> [Required action]
The result should be every line of the listing that contains "Project".
☆ ☆ ☆ ☆ ☆ ☆ ☆
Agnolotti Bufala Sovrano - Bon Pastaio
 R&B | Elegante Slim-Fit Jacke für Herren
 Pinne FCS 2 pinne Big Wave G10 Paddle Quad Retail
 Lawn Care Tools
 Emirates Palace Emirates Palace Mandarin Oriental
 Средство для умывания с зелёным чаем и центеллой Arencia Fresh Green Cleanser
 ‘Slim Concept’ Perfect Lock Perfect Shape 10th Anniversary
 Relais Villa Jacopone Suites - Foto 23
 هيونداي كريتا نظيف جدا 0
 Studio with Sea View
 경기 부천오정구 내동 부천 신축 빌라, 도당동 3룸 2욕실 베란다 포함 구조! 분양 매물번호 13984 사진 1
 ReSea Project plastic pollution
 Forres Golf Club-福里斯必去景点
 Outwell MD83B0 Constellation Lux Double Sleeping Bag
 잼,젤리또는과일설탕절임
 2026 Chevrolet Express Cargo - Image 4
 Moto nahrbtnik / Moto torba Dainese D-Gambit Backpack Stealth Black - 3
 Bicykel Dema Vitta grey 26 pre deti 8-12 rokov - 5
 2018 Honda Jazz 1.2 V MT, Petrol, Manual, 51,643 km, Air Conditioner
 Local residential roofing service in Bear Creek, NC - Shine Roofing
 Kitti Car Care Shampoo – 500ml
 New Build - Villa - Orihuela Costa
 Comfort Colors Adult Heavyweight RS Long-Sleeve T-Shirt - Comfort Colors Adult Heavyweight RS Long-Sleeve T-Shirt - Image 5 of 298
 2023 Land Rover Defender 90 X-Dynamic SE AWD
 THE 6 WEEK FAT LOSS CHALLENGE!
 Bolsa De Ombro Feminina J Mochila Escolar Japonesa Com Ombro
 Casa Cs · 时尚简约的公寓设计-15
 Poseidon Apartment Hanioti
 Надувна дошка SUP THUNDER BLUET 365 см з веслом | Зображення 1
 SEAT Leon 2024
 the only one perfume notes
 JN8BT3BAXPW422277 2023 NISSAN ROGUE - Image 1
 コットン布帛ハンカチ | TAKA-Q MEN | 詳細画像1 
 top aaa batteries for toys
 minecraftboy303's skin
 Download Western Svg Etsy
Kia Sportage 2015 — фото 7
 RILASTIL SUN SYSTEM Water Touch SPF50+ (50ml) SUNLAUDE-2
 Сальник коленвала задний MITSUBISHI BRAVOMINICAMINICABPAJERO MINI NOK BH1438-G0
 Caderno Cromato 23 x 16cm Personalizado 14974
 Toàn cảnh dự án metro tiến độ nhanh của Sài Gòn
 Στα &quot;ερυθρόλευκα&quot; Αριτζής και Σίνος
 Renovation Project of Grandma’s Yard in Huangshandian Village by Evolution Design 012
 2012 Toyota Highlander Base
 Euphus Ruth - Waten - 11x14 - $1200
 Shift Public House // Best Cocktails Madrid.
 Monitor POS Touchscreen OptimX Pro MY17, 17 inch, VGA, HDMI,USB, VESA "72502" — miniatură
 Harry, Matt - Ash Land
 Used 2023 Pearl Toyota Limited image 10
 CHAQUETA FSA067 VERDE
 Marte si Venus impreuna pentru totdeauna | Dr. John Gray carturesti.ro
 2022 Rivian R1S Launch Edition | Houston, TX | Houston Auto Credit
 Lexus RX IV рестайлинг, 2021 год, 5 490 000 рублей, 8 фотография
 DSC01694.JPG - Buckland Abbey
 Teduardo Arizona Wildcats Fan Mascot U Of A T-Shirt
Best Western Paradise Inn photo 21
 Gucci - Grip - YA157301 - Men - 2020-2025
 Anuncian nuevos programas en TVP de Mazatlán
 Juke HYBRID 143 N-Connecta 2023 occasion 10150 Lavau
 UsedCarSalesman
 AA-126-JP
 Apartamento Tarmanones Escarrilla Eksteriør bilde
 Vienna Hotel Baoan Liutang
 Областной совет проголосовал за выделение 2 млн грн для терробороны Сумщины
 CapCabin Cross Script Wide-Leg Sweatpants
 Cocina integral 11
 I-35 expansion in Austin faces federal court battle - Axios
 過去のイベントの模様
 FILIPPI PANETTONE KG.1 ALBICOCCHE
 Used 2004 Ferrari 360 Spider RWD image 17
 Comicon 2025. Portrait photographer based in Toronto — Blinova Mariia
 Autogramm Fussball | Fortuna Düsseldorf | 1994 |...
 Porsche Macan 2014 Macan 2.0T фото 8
☆ ☆ ☆ ☆ ☆ ☆ ☆
> [Result of this task]
 ReSea Project plastic pollution
 Renovation Project of Grandma’s Yard in Huangshandian Village by Evolution Design 012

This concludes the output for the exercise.